2-1
水曜日の夕刻。
スーツ姿の駿佑は、新橋駅前の喫煙所でタバコを口にくわえてぼんやりとしていた。いつも多くの人がいる場所だが、今は珍しく人影もまばらだ。駿佑は大きな灰皿一つを独占して、狭い都会の空を見上げていた。ふーっと吐き出した煙が、紺のペンキを塗りたくったような低い空に消えていく。ふと溜まった灰を落とそうと脇の灰皿に目を向けると、自分の履いている黒い革靴が目に留まった。爪先の方にはシワが付き、所々擦り切れて表面のエナメルが剝げている。と、よく磨きこまれた飴色の革靴が自分のすぐ目の前で止まった。
「お前がタバコ吸ってんの初めて見たわ」
革靴の主は凌介だった。濃紺の三つ揃えのスーツをパリッと着こなしている。駿佑は慌ててタバコを口から離す。
「いきなり呼び出して悪かったな」
「大丈夫。ごめん、タバコ嫌いだよね」
「まぁな。
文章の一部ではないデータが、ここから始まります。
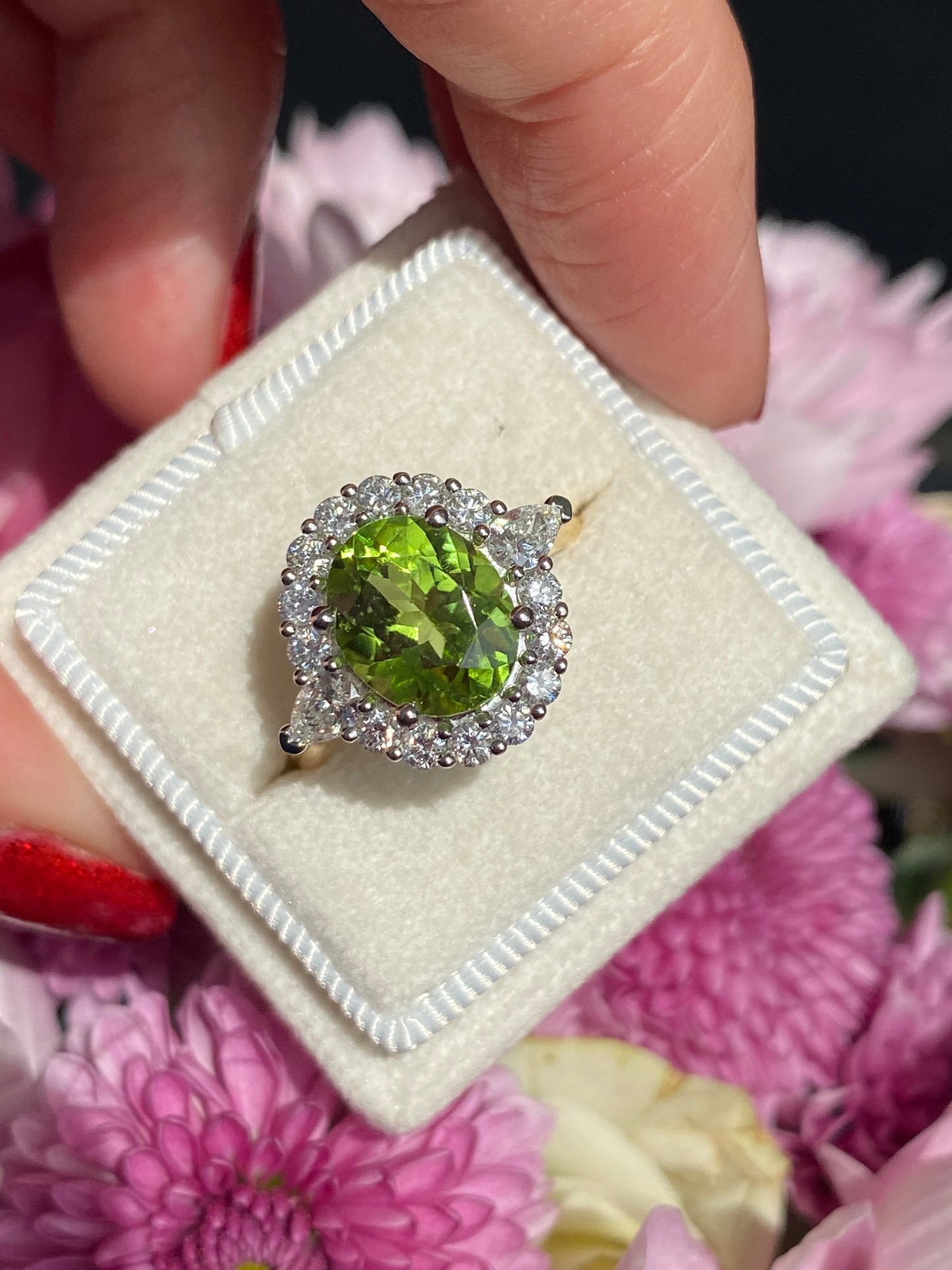 2.96 Carat Peridot and Natural Diamond Halo Ring in 18ct Yellow Gold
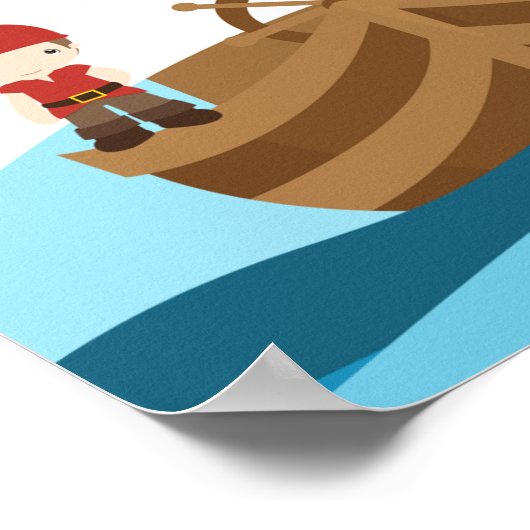 Pirate Ship Birthday Party Banner Poster (Hoek)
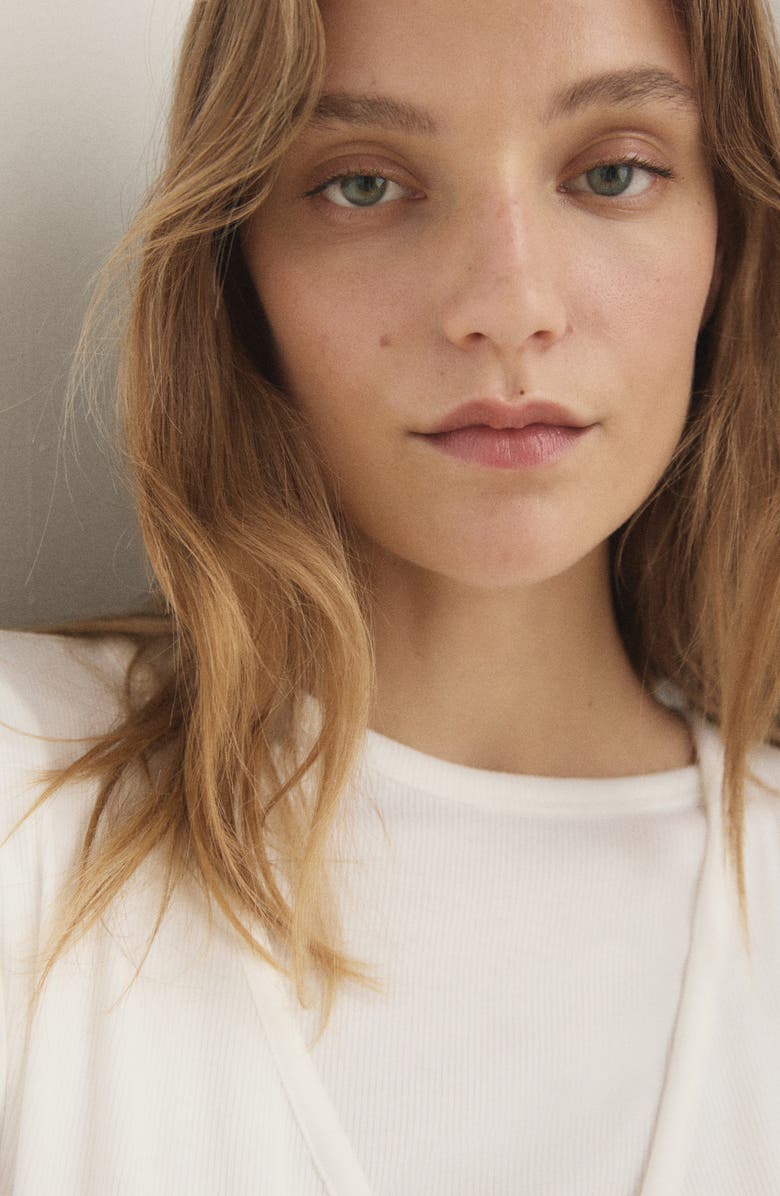 MANGO Wrap Rib Cardigan, Alternate, color, Ivory White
でももう慣れた」
そう言いつつも凌介は不快そうな顔をしている。
「こっち立って」
それを見た駿佑が兄を風上に立たせる。
「その様子だとオレがタバコ吸ってたの気付いてたんだね。にーちゃんの前では吸わないようにしてたんだけど、」
「まぁ兄貴だからね。お前の部屋少しタバコ臭かったし」
凌介が得意顔で弟を見る。
「マジ? ちゃんと芳香剤置いてたんだけどなぁ」
「何吸ってんの?」
「ハイライトのメンソール」
「お前意外と古臭い趣味だな」
「吸ってみる?」
「やめろ。臭い。気持ち悪い。俺に近付けるな」
駿佑が差し出した吸いかけのタバコを、汚れた物を見るかのような目で見る。
「そこまで言わなくても……」
「体によくないからあんまり吸うなよ」
「はぁーい」
「それより仕事大丈夫だったか?」
「うん、さっき終わったとこ」
「少しだけ付き合ってくれないか? 飲みに行こ」
「いいよ」
そのまま凌介に連れられて、駿佑は裏通りのバーに入った。趣のある上品な店だが、十人も入れば一杯になるような狭さだ。二人は細長いカウンターの一番奥に隣り合って座る。客は二人の他にはいない。凌介はカシスベースのカクテルを、駿佑はハイボールを頼んだ。
「明日平日だから早めに切り上げるぞ」
突然の呼び出したことにバツの悪さを感じているのか、凌介はやけに弁解口調だ。
「いいよ、全然。どーせ家で飲むつもりだったし」
「最近飲み過ぎてないか?」
「大丈夫だって。約束通り一日一缶までしか飲んでないって」
例の一件があって以来、凌介は弟に、酒は一日一缶までというのを守らせているのだ。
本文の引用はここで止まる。